Weaknesses: While the result is interesting, many of the design decisions behind the models and training procedures seemed poorly motivated and discussion on their nuances lacking. - Why represent the rewards as a function of a VAE used to encode exploratory frames in the environment? How does more or less exploration impact the effect of the auxiliary rewards learned this way? - What is the impact of environment ordering during training? Are there any curriculum effects at play? Why train with such a curriculum in the first place? An ablation demonstrating the necessity of this approach would contextualize this decision. - The language stating "the agent learns R_AUP" was confusing (Line 138). The reviewer believes this language was meant to describe "training the Q_i functions" corresponding to each R_i. This confusing language was used in the caption for the reward learning curves in the supplementary materials, which seems supported by the statement starting on Line 202: "In the supplementary material..." - Some key concepts are not defined, for example "initial state reachability" (Line 42). - It seems the claim that safe reinforcement learning focuses on just avoiding negative side effects during training is inaccurate. As stated in the abstract of a paper the authors cite (García et al, 2015), safe RL is also concerned with safety at deployment. - The language is often unclear, e.g. Line 211: "AUP stops moving entirely." The reviewer believes this is referring to the AUP learning a policy in which the agent remains immobile. - The discussion around the theoretical results (3.2) does not add much insight to the experiments and results presented in the paper. - The contribution is not very novel, as it is simply applying AUP as presented in Turner et al, 2020 to another environment, with little to no modification. - Not clear why Lines 55-57 are included in the related work, as they do not seem particularly relevant to safe RL.
Correctness: The experimental results and methodology seem to correctly show that AUP agents perform better in various SafeLife environments in terms of minimizing negative side effects, while reaching comparable performance to PPO. However, some methodological choices are not properly motivated: - Why is the curriculum-based training approach needed vs. training and evaluating on each level in turn? - Why learn the R_i functions as the output of a VAE? - There is no random R_i baseline. - No details of the actual actor-critic model nor full training objective is provided. - Would be valuable to benchmark not just against PPO, but also other SOTA safe RL approaches for higher-dimensional settings, such as the Lagrangian and Constrained Policy Optimization methods presented in Ray et al, 2019. This line of research was also not cited in the prior work.

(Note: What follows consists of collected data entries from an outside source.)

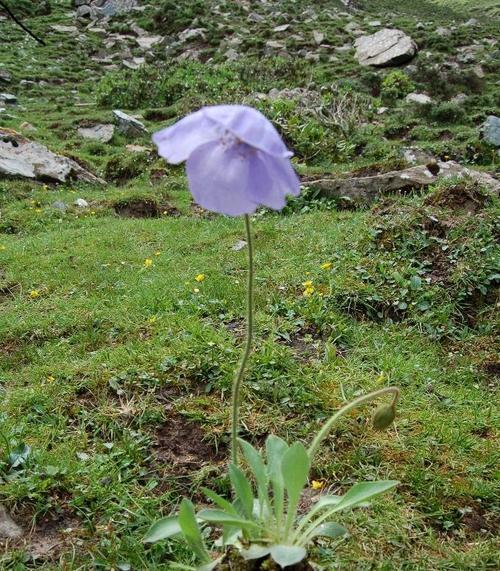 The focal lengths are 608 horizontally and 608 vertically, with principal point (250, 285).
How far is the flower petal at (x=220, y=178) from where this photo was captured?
4.59 ft

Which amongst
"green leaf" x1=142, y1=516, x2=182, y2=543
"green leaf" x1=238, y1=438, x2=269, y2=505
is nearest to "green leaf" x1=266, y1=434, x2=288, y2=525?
"green leaf" x1=238, y1=438, x2=269, y2=505

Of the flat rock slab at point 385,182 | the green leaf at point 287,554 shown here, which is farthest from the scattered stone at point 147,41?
the green leaf at point 287,554

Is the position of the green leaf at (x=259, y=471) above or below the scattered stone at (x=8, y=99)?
above

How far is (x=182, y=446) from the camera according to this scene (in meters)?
2.73

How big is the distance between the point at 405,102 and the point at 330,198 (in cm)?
782

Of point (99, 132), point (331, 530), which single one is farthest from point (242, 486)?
point (99, 132)

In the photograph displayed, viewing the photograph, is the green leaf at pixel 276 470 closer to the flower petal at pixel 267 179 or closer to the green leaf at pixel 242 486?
the green leaf at pixel 242 486

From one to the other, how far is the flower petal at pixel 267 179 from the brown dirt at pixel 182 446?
1.57 meters

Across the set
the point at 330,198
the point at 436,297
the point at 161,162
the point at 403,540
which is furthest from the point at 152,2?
the point at 403,540

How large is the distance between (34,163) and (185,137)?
853 cm

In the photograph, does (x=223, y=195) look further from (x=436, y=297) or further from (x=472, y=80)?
(x=472, y=80)

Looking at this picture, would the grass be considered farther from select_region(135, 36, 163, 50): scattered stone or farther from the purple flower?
select_region(135, 36, 163, 50): scattered stone

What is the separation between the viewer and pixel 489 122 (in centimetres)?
944

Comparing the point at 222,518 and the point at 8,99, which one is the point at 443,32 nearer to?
the point at 8,99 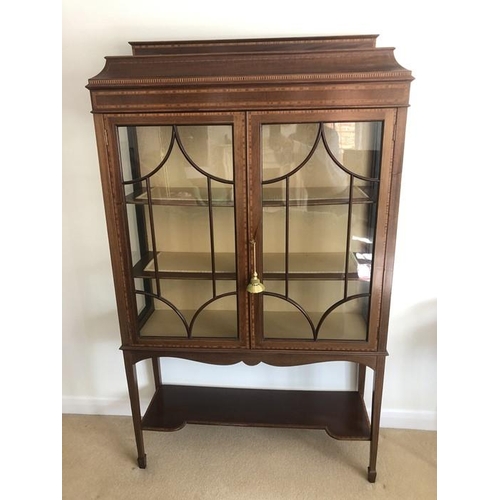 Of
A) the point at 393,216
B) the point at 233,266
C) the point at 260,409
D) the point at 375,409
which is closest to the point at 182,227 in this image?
the point at 233,266

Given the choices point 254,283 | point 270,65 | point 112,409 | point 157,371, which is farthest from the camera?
point 112,409

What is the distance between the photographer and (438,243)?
169 centimetres

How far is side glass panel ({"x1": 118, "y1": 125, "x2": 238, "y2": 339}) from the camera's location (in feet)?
4.57

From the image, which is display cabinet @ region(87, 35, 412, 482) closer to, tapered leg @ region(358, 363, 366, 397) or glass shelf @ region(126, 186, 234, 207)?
glass shelf @ region(126, 186, 234, 207)

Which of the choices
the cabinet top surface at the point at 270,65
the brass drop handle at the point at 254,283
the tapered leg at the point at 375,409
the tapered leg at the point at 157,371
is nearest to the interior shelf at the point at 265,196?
the brass drop handle at the point at 254,283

Clarity: While many concepts are introduced with clarity, the paper uses unclear language in several parts of the paper, as mentioned above. Notably - No details of the actual actor-critic model nor full training objective is provided. - Line 211: "AUP stops moving entirely." The reviewer believes this is referring to the AUP learning a policy in which the agent remains immobile. - Some key concepts are not defined, for example "initial state reachability" (Line 42). - The language stating "the agent learns R_AUP" was confusing (Line 138).
Relation to Prior Work: - Some prior work is included, but not properly contextualized, while other key prior work in safe RL is not mentioned. The work around SafetyGym and CPO presented in Ray et al, 2019 should be included.